Bieder Max, Böhm Markus, Duma Marciana-Nona, Wittig Andrea
Department of Radiotherapy and Radiation Oncology, Jena University Hospital, Friedrich-Schiller University Jena, Jena, Germany.
Institute for Medical Statistics, Computer Science and Data Science (IMSID), Jena University Hospital, Jena, Germany.
Front Oncol. 2025 Sep 2;15:1585338. doi: 10.3389/fonc.2025.1585338. eCollection 2025.
Current evidence on atlas-based auto-segmentation (ABS) in radiotherapy primarily addresses organs at risk, whereas its application for clinical target volume (CTV) delineation remains insufficiently explored. Additionally, the optimal number of datasets required for ABS atlases is debated. This study investigates ABS performance for automated CTV (aCTV) segmentation in anal cancer patients with F-fluorodeoxyglucose positron emission tomography/computed tomography (F-FDG PET-CT)-positive lymph node (LN) metastases, using varying atlas sizes.
A retrospective analysis was conducted on 51 anal cancer patients who underwent F-FDG PET-CT-based treatment planning between 2009 and 2018. Patients with FDG-positive LN metastases were identified. Manual CTV (mCTV) delineation was performed in accordance with the UK National Guidance for IMRT in Anal Cancer. The resulting 51 mCTV datasets were integrated into a single ABS atlas, which was used to generate aCTVs for the 27 patients with FDG-positive LN metastases. For each of these 27 patients, five different atlas sizes (n = 10, 20, 30, 40, 50) were evaluated using a leave-one-out approach. Automated and manual CTVs were compared using the Dice Similarity Index (DSI), the percentage of FDG-positive LNs adequately covered, and volumes either erroneously included (mistakenly contoured volume, MCV) or omitted (not contoured volume, NCV) by the ABS process.
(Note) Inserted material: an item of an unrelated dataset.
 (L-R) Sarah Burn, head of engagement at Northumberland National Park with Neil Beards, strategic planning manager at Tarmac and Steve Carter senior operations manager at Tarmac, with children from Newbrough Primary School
Of the 51 patients, 27 (52.9%) had FDG-positive LN metastases. The mean DSI for atlas sizes of n = 10, 20, 30, 40, and 50 were 0.73, 0.78, 0.79, 0.79, and 0.80, respectively. A DSI ≥ 0.7 was achieved in 24 patients (88.9%) across all atlas sizes. The increase in DSI between n = 10 and n = 40 was statistically significant (Bonferroni-adjusted p < 0.05). Mean relative NCV and MCV ranged from 21.8-23.9% and 17.7-19.5% of the respective mCTV volume, with decreasing trends as atlas size increased. Segmentation inaccuracies predominantly occurred in the upper mesorectal and lower ischiorectal regions.
In conclusion, ABS facilitates the delineation of CTVs in anal cancer patients and improves contouring efficiency. However, manual correction by radiation oncologists remains necessary.
目前关于放疗中基于图谱的自动分割(ABS)的证据主要涉及危及器官,而其在临床靶区(CTV)勾画中的应用仍未得到充分探索。此外,ABS图谱所需的最佳数据集数量也存在争议。本研究使用不同大小的图谱,调查了基于F-氟脱氧葡萄糖正电子发射断层扫描/计算机断层扫描(F-FDG PET-CT)的阳性淋巴结(LN)转移的肛管癌患者中自动CTV(aCTV)分割的ABS性能。
对2009年至2018年间接受基于F-FDG PET-CT治疗计划的51例肛管癌患者进行回顾性分析。确定FDG阳性LN转移患者。根据英国肛管癌调强放疗国家指南进行手动CTV(mCTV)勾画。将得到的51个mCTV数据集整合到一个单一的ABS图谱中,该图谱用于为27例FDG阳性LN转移患者生成aCTV。对于这27例患者中的每一例,使用留一法评估五种不同大小的图谱(n = 10、20、30、40、50)。使用骰子相似性指数(DSI)、充分覆盖的FDG阳性LN的百分比以及ABS过程错误包含(错误勾画体积,MCV)或遗漏(未勾画体积,NCV)的体积来比较自动和手动CTV。
51例患者中,27例(52.9%)有FDG阳性LN转移。n = 10、20、30、40和50的图谱的平均DSI分别为0.73、0.78、0.79、0.79和0.80。在所有图谱大小中,24例患者(88.9%)实现了DSI≥0.7。n = 10和n = 40之间DSI的增加具有统计学意义(Bonferroni校正p < 0.05)。平均相对NCV和MCV分别占各自mCTV体积的21.8 - 23.9%和17.7 - 19.5%,随着图谱大小增加呈下降趋势。分割不准确主要发生在直肠系膜上部和坐骨直肠下部区域。
总之,ABS有助于肛管癌患者CTV的勾画并提高轮廓绘制效率。然而,放疗肿瘤学家进行手动校正仍然是必要的。